Following a fine-dining trend that’s proved popular from Chicago to Los Angeles and New York, diners will purchase tickets (running about $200 per person) for the meal in advance. Kyle, who spent many years cooking in Japan, compares the luxe dining concept to “omotenashi,” which is a heightened sense of hospitality and anticipation of a guest’s every need.

Katina, who is an experienced culinary gardener, will manage a five-acre farm near Healdsburg, which will drive the menu almost entirely.
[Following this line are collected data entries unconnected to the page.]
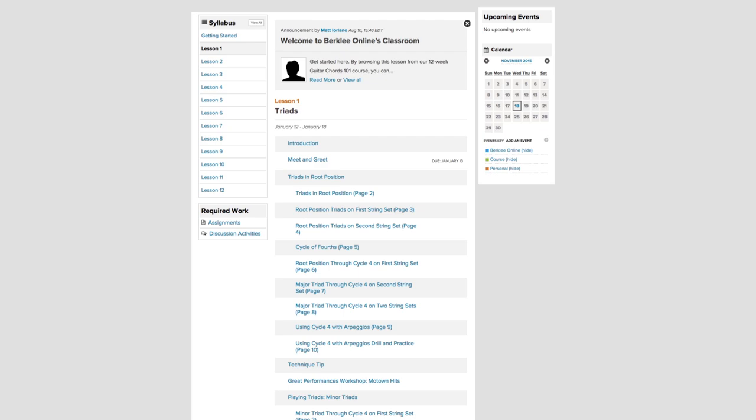Let's check out some guitar lessons. This is your course homepage. This tab allows you to easily navigate to each classroom feature.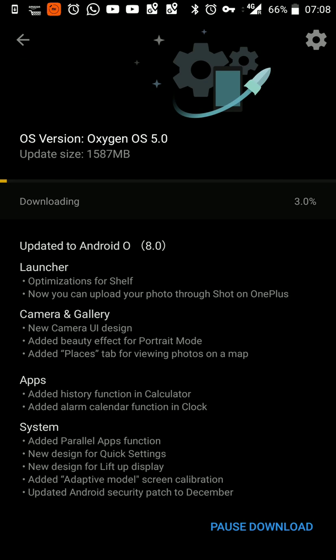This is a screenshot of the update itself — you can see it's about 1.5 GB. Unfortunately, the face unlock feature has not made it to this particular release. There are some launcher updates to the shelf, the ability to upload photos directly to 'Shot on OnePlus' with a watermark, enhancements to the camera and gallery, a new camera UI design, beauty effect for portrait mode, a places tab in the gallery app, history function in the calculator, alarm calendar function in the clock, and a new design for quick settings, parallel apps, and lift-up display.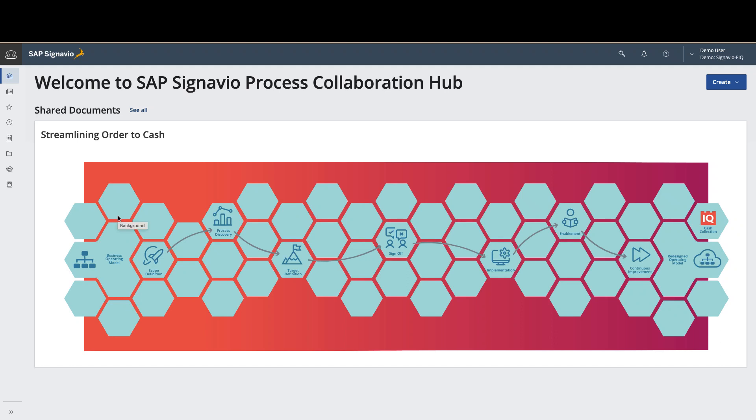In this demo, we'll be showing how SAP Signavio and Automation Anywhere process discovery can be used together to understand enterprise processes, identify inefficiencies, drill down to root causes, accelerate remediation, and then measure outcomes. So let's dive right in.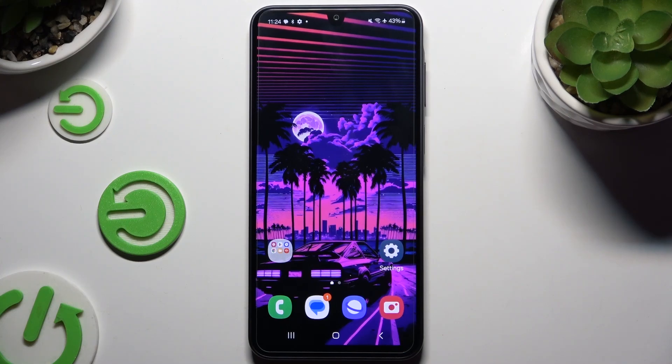In front of me is the Samsung Galaxy A16, and today I would like to show you how you can clone apps.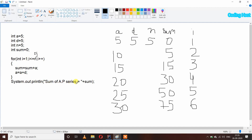After the loop breaks, we print 'sum of AP series equal to sum' and we get 75. While making this program we have to remember that we should take these three variables as user input. This is how we can write a program to calculate the sum of an AP series in Java. Thank you.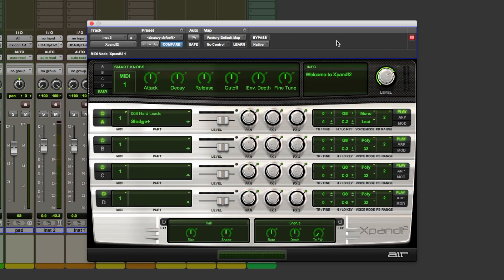Welcome to Pro Tools Expert. My name is Dan Cooper. In this quick tip video, I'm going to show you a way that you can switch between instrument presets and plugin presets really quickly.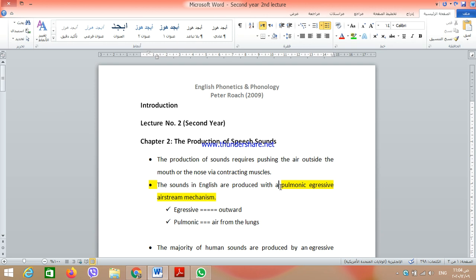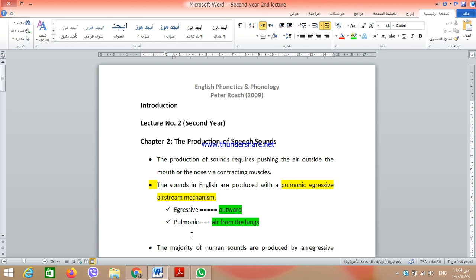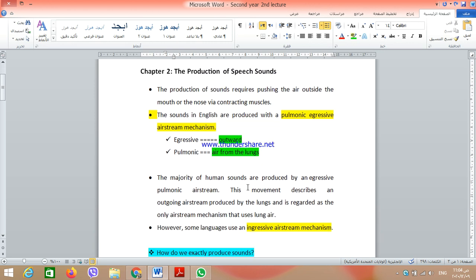That's why this mechanism of speech production is called the pulmonic egressive airstream mechanism. We call it egressive because the air is pushed outward, and we call it pulmonic because the air is pushed from the lungs. The majority of human sounds are produced by this pulmonic egressive airstream mechanism.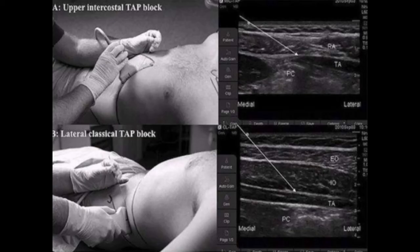Application of local anesthetics in the plane between the transversus abdominis muscle and the internal oblique is commonly referred to as the TAP block, where the local anesthetics can block many of the abdominal nerves as they pass to the abdominal structures. There are two types of TAP blocks: the lateral or classic TAP block, and the oblique subcostal TAP block.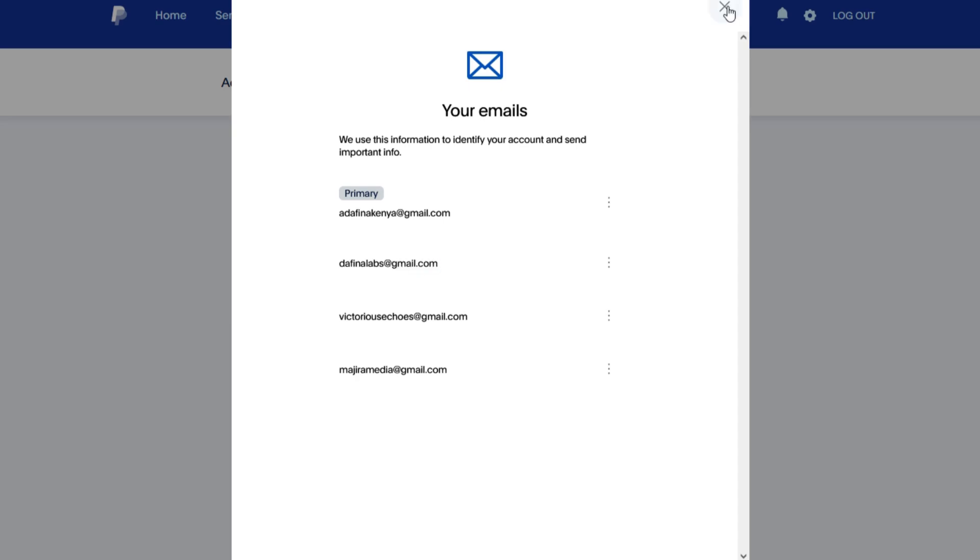So by following these steps, you should be able to add your email onto your PayPal account as one of the means of payment. Thank you for watching and bye-bye.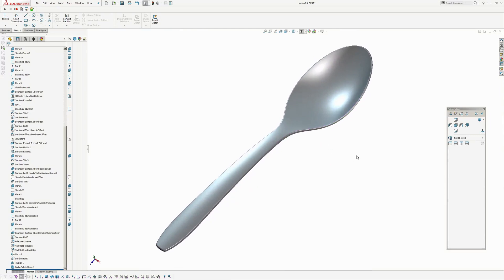So there you have it. Spoon tutorial, AJ Design Studio, Andrew Jackson. I'll place this file online, so have a look in the description. And also check out any other videos that might interest you on my channel. Cheers. I'll see you guys.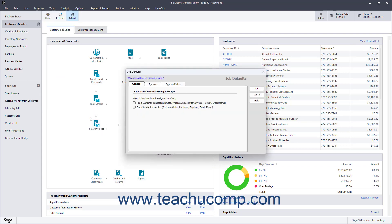To set the general default job settings, click the General tab. To enable warnings if line items are not assigned to jobs, check either or both the For a Customer Transaction and For a Vendor Transaction checkboxes.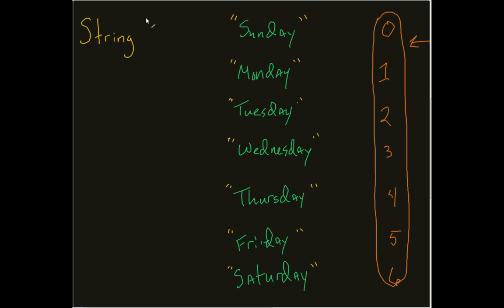So what I do is I actually add in square brackets. These square brackets, what they're doing is they're saying I now have an array of strings. I have a collection of string data types.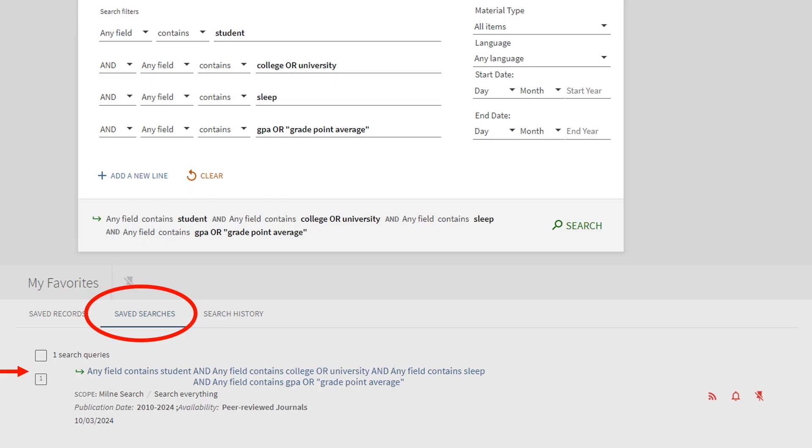To find your saved search queries, select saved searches. Any saved queries will appear. Click on the result to go back to that specific search.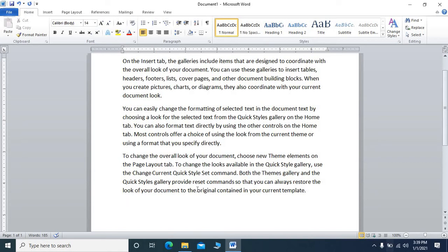Now we will learn how to create the copyright symbol. To create it, start the bracket, then press C — it may be capital or small, it does not matter — then close the bracket, and automatically the copyright symbol will appear.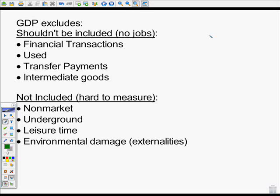Welcome back to Mr. Latham's Economics. Today we're going to talk more about GDP and the fact that GDP is an imperfect measure.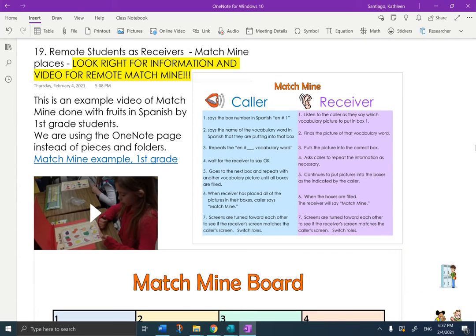Hola, estudiantes, it's Mrs. Santiago here, and this is just for the remote estudiantes today. I wanted to give you an opportunity to play Match Mine 2, and the way you're going to play Match Mine is you're going to do it with me. I'm going to be the caller, and you are going to be the receiver.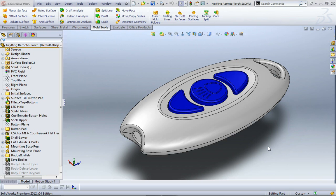Hi guys, Stuart from SolidTech. I just wanted to show you a little bit of mold tool functionality.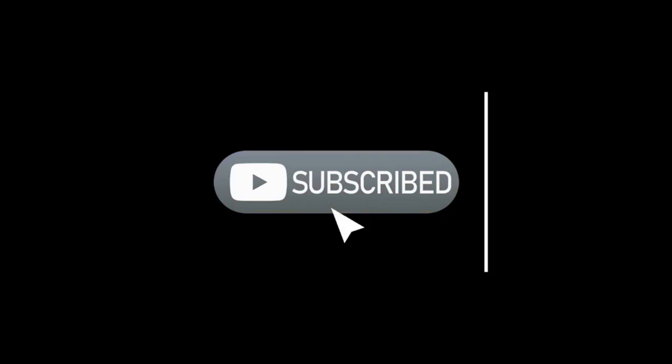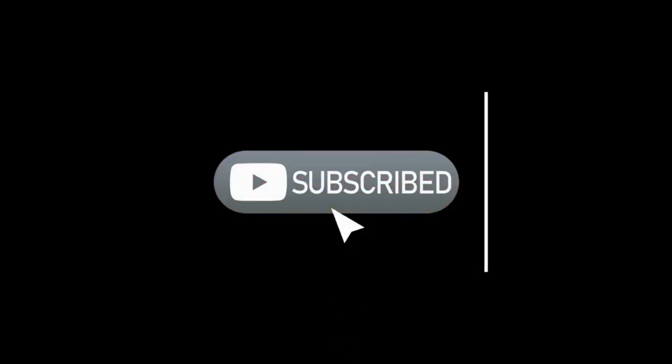Before we continue, don't forget to smash that like button, hit the subscribe button, and turn on notifications, so you don't miss our next awesome video. Drop a comment below to share your thoughts, or any topics you'd love to see in future videos.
Also enamored with Japanese culinary techniques, she embraces an ancient farming technique that breaks seasons into 72 five-day farming cycles, known in the expanding culinary farm-to-table cuisine as micro-seasons.

Kyle hasn’t given much detail on the dishes he’ll be serving, but he says they will be uniquely Sonoma County, with influences from his time in Japan, modernist cuisine inspired by his stint at England’s Fat Duck, and the traditional French cooking of Michel Bras. “We’re bringing together farm-driven cooking with innovation,” he said. Sonoma County is about to have a new Michelin-star contender.

Elsewhere, Ralph Tingle of the iconic ~BISTRO RALPH~ in Healdsburg wants you to know he’s not going anywhere soon. In fact, he’s opening a new barbecue restaurant at the former CK House Chinese (1525 Healdsburg Ave., Healdsburg) later this year.

Tingle told BiteClub that Bistro Ralph is still for sale, but it’s business as usual at the restaurant (meaning chicken livers for everyone!). The new space will have a mesquite grill, an outdoor beer garden, and live entertainment. “I’m excited to get all wrapped up in a new project,” said Tingle.

Nearby, Charcuterie has closed, and so far there’s no word on a buyer for the shuttered location. Also, Healdsburg’s 1950s-style eatery, Center Street Cafe & Deli, has closed temporarily— the owners of KIN Restaurant in Windsor will be taking over. The former Frank and Ernie’s steakhouse has reopened as Wild Flowers Saloon, and The Blackbird Cafe & Soda Fountain has replaced Snowbunny, with an expanded menu of panini, bagelwiches, and giant soft pretzels.

Just in time for Fat Tuesday, Michelin-starred chef Brandon Sharp is opening ~EVANGELINE~, a French-Creole-inspired bistro in Calistoga. The space, at 1226 Washington Street, has seen several restaurants come and go, but it was purchased last spring by Sharp’s employers at ~SOLAGE CALISTOGA~ resort. In the interim, the historic brick building, with its much-coveted patio space, underwent extensive renovation.

What we’re stoked about is the menu: classic French meets New Orleans Creole. Expect comfort dishes like poulet grand-mere and gumbo ya ya, along with Sharp’s own Croque Marin, which is a croque-madame with millionaire’s bacon (bacon cooked with brown sugar, black pepper, and cayenne).

The 2,000-square-foot space will include eight taps for wine, five taps for NorCal beers, and a cocktail program featuring NOLA-inspired drinks. Expect to pay around $15-$27 for entrées, with lunch and dinner service. Sharp, who is VP of culinary ops for Solage Hotels and Resorts, will act as the restaurant’s managing partner, while Solage vet Gustavo Rios will handle the daily ops. Sasan Nayeri, formerly of Terra in St. Helena, will be sommelier. 11am-9pm daily. 1226 Washington St., Calistoga.